- **INSTRUCTIONS FOR THE TASK**
An exact transcription of every entry is required. Images are not part of it.

(Data entries)
BEGIN

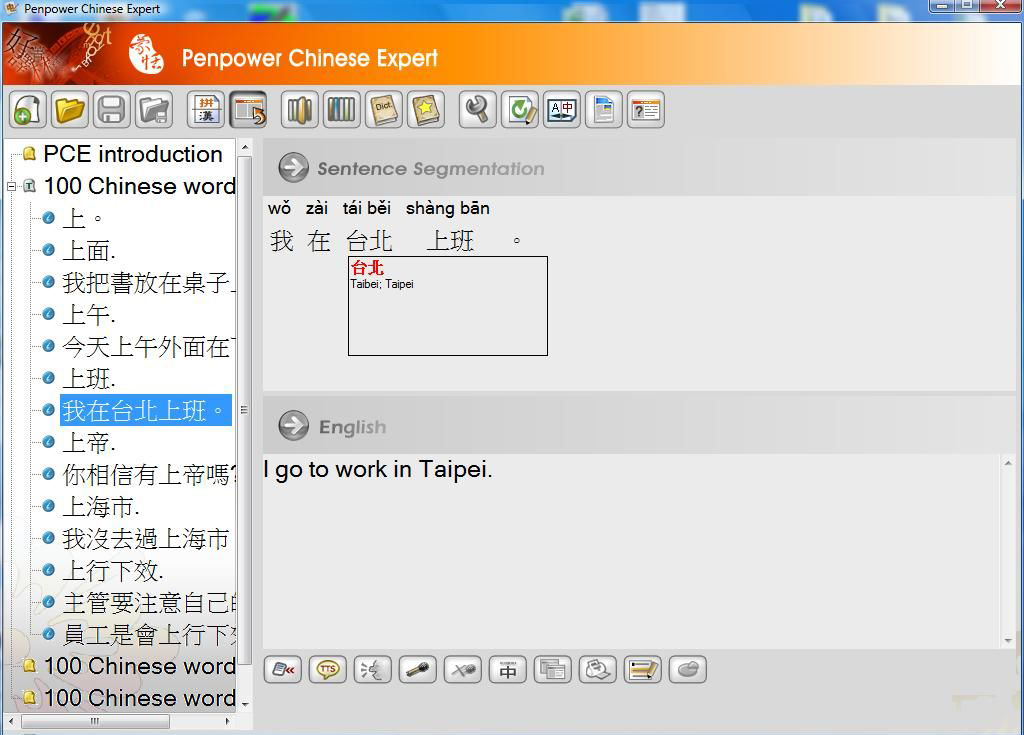 how-to-write-in-chinese-on-computer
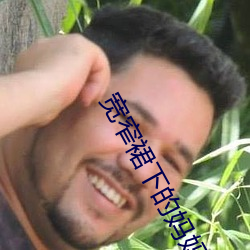 宽窄(窄)裙(裙)下(下)的妈妈苏雅晴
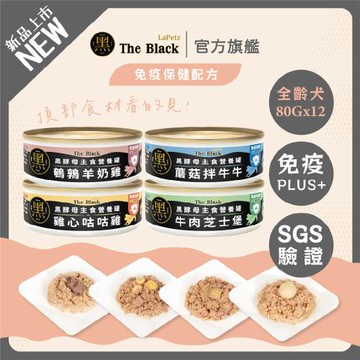 LaPetz 樂倍 黑酵母主食營養犬罐80g*12罐 犬罐頭 主食罐 犬罐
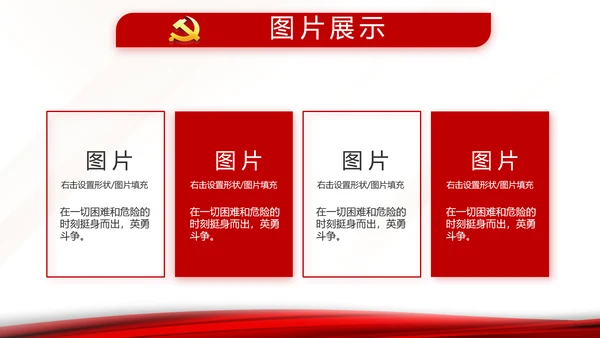入党积极分子工作总结汇报计划动态PPT模板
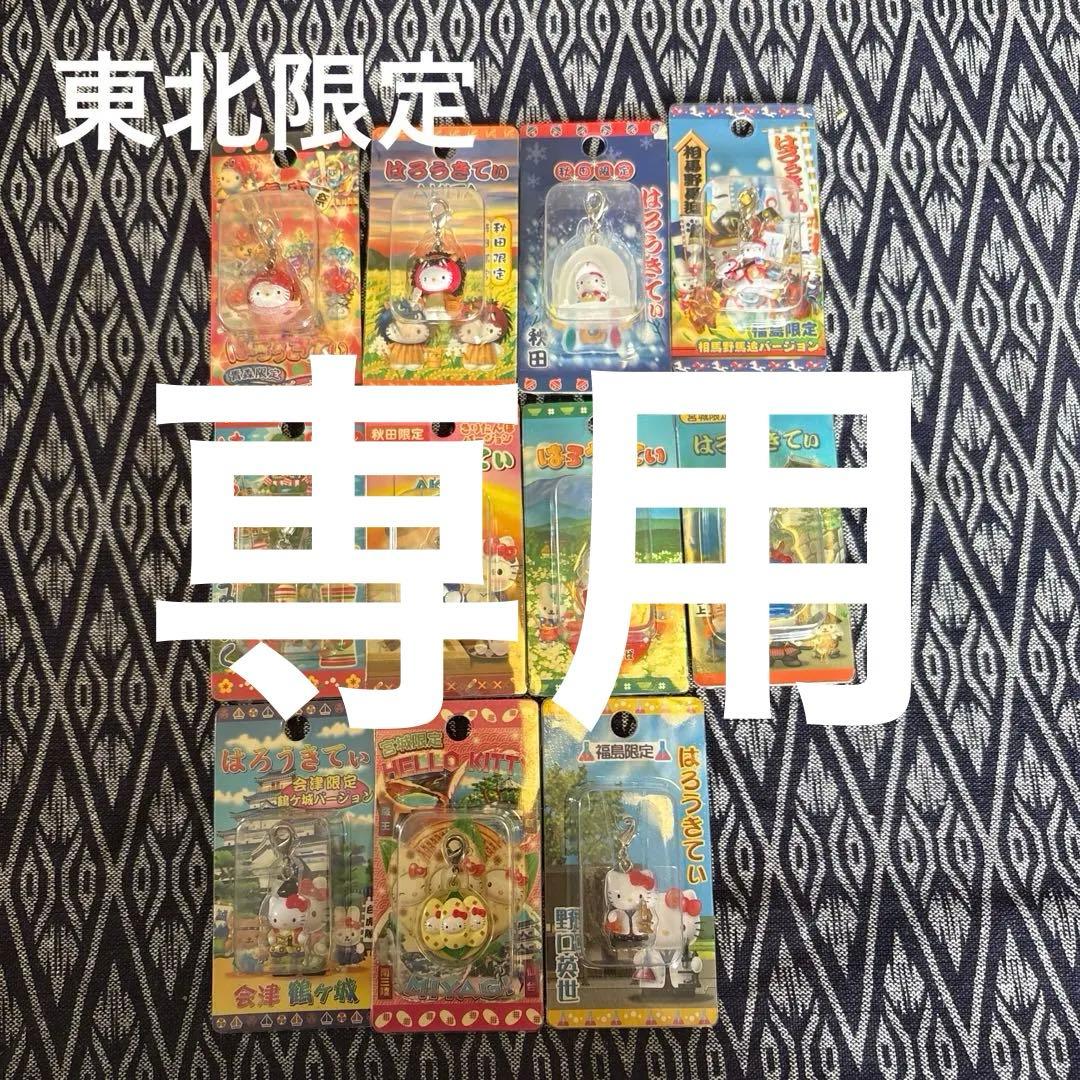 ご当地ハローキティ 東北セット　ファスナーマスコット ストラップまとめ売11個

END

- **RESPONSE FOR THIS EXERCISE**
 how-to-write-in-chinese-on-computer
 宽窄(窄)裙(裙)下(下)的妈妈苏雅晴
 LaPetz 樂倍 黑酵母主食營養犬罐80g*12罐 犬罐頭 主食罐 犬罐
入党积极分子工作总结汇报计划动态PPT模板
 ご当地ハローキティ 東北セット　ファスナーマスコット ストラップまとめ売11個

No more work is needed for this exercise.